Tuesday, June 14, 2005

As the RRRGroup has pointed out, the discourse at UFO UpDates has taken an unexpected trend toward the speculative, with the usual talk about nocturnal lights and daylight discs replaced by what metaphysician Charles Upton has called "postmodern demonology."

Suddenly ufology's usual suspects -- who commonly hail from the "nuts and bolts" school -- are competing with the likes of occultist John Keel ("The Mothman Prophecies") and astrophysicist Jacques Vallee ("Passport to Magonia").
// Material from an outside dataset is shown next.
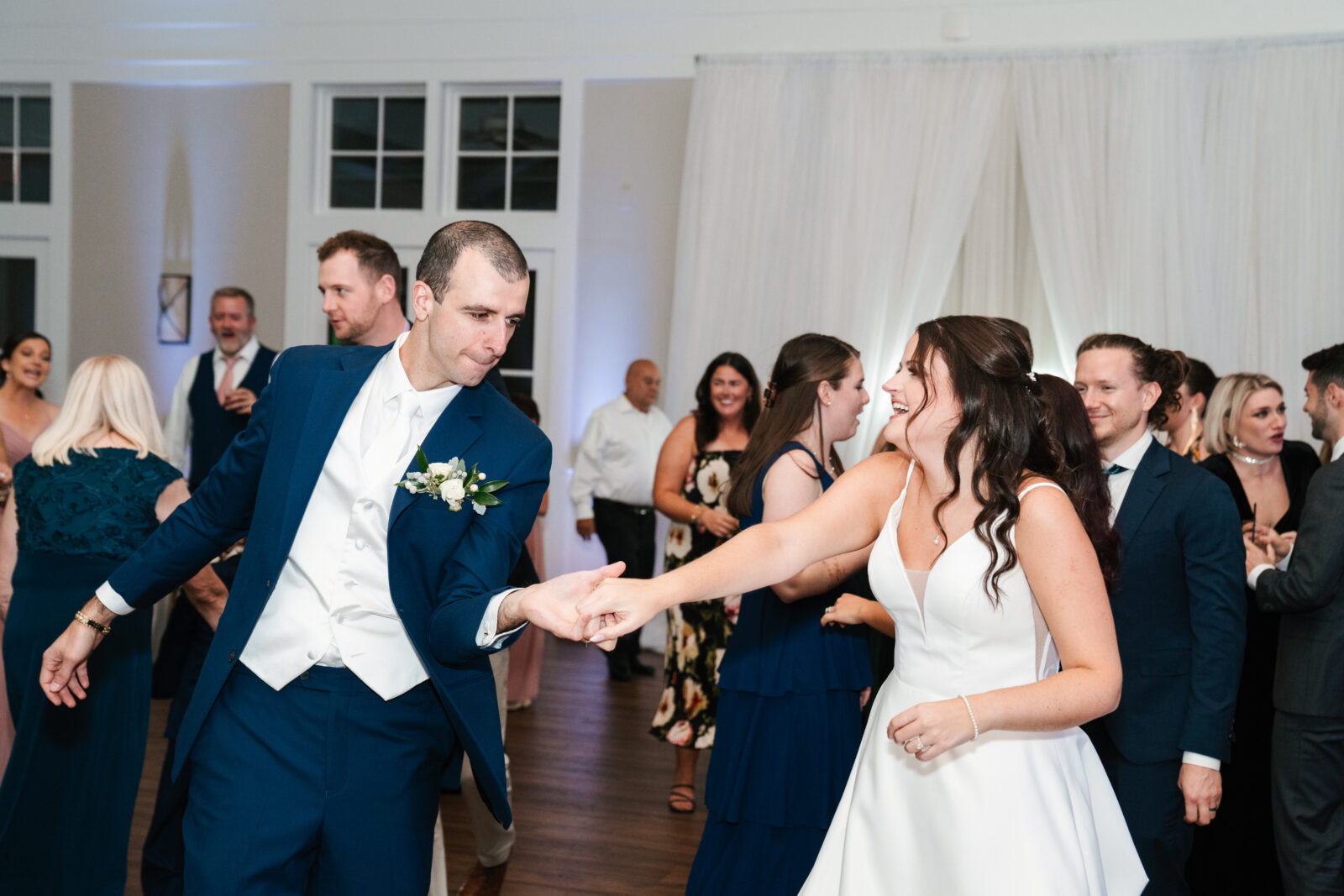 Romantic wedding reception setup at Waverly Oaks in Plymouth, MA with string lights and floral centerpieces.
Since I've forwarded some of my recent thought experiments on the psychodynamic aspect of the phenomenon to the list, I suppose I bear part of the blame for the metamorphosis.

In a recent post to the list, esteemed ufologist Larry Hatch expressed his conviction that religion and UFOs were mutually exclusive -- an idea I can't agree with, if only because so many "high-strangeness" UFO encounters impinge on the witnesses' consciousness in a manner that can best be described as "spiritual." Conversely, the UFO evidence contains a parade of apparent religious experiences that, when examined with more than passing curiosity, fall quite easily into the close encounter paradigm (of which the "Fatima miracle" is an example).

One of the first questions to come to mind is also one of the simplest: How are we to tell for sure if religious effects are by-products of the encounter experience or a central component?

Theorists have proposed that contact with nonhuman intelligence, if and when it occurs, will be exceptionally strange. Could this very strangeness be limiting our perception of an unfolding phenomenon of crucial importance?

If we're to seriously advance a "new" ufology, we must maintain the theoretical flexibility to ask questions that may seem far removed from the extraterrestrial connotations that presently contaminate the issue (however well-meaning their adherents).

8 comments:

Dante Rosati said...

Hi Mac-

this paradigm shift you speak of is a good thing in my opinion, but it can be taken too far. If the opinion you mention that religion and UFOs are mutually exclusive is one extreme, the drivel recently posted on the RRR blog is the other extreme, trying to say that abductees should behave like cardboard saints because there is >no< difference between classic religious mystical experience and abduction.

I think a middle course is important. Humanity is subject to a whole range of non-ordinary experience and always has been, clothed in all kinds of imagery from one's culture and previous experience. This does not mean, however, that it is all the same experience and merely the symbols change. The symbols change from time to time, place to place, and person to person, and so do the experiences. There may be commonalities of symbol or experience among certain people, but there are also great divergences.

The upshot is that the situation is highly complex, with there being an interaction between the individual together with his background, and either other levels of our own being, or possibly other consciousnesses altogether.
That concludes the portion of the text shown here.